# Capturing effects / Controlling for variables [duplicate]

I understand the idea behind regressions and know how to interpret them, however, when I hear the term "capturing the effect of.." or "controlling for.." so far I've just accepted it without questioning how the regression actually manages to do so, just by including a variable in the equation.

Can somebody explain (maybe even with math) why exactly this capturing of effects or controlling for variables works just by including a variable in my regression?

I may try to loosely help you to formalize these ideas by one example. Suppose you want to model monthly sales as function of two guys:

• time measured in months passed
• month name

First, without month name. You model Y (sales volume) ~ time + some positive number (+ error). It can be that the sales grow steadily for 5 years, and you beta coefficient for time gives you the idea of how many sales you get depending on number of months passed.

"controlling for.."

An additional positive number is here to compensate the fact your sales time-series is always positive, or, this number controls for the mean sales over all history that you have got.

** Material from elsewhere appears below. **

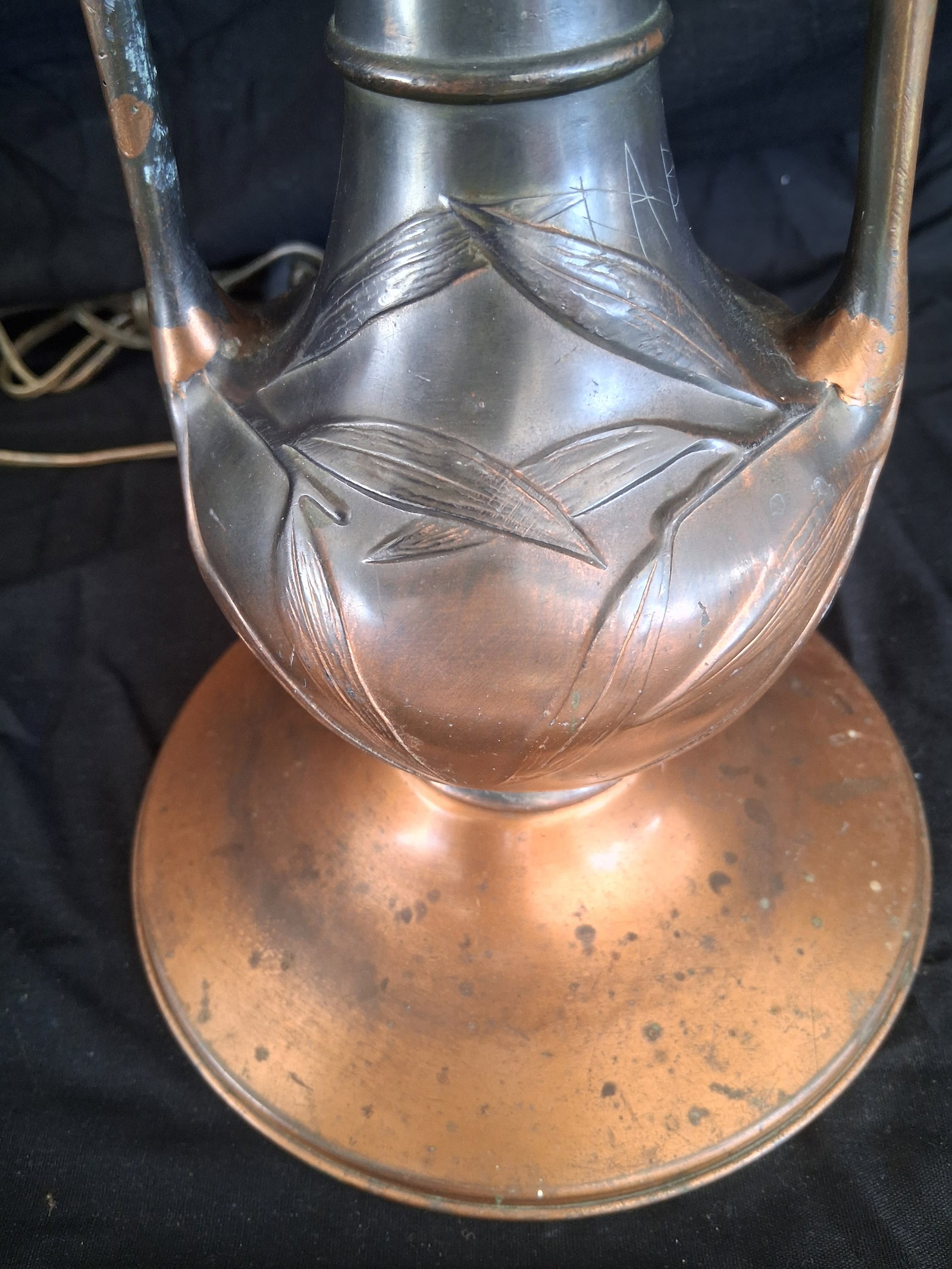 1900s Unsigned Pittsburgh Seven Glass Panel Lamp - 3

You, next, want to make you model more exact by adding the nuances which result from different time of year (month names). E.g., sales rise high on Christmas.

You add 11 binary input variables to your experiment matrix, where each variable decodes different months. Run you model: Y ~ time + month_name + some positive number (+ error).

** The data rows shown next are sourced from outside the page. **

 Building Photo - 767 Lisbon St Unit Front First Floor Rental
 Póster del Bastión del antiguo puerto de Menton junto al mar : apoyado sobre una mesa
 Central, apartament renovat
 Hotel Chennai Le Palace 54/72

That is the time to challenge your question:

"capturing the effect of.."

For each month there will be a coefficient showing how much of increase of deacrease this month brings about realtive to sales volume. Let's say, December coefficient = 2.5, meaning that in December your sales will increase additively by 2.5 units. July would be -1.3, this is to say in July sales drob by 1.3 units.

This way you capture the effect of month.

There can be more sense and examples to your question, but as a starting point it feels enough.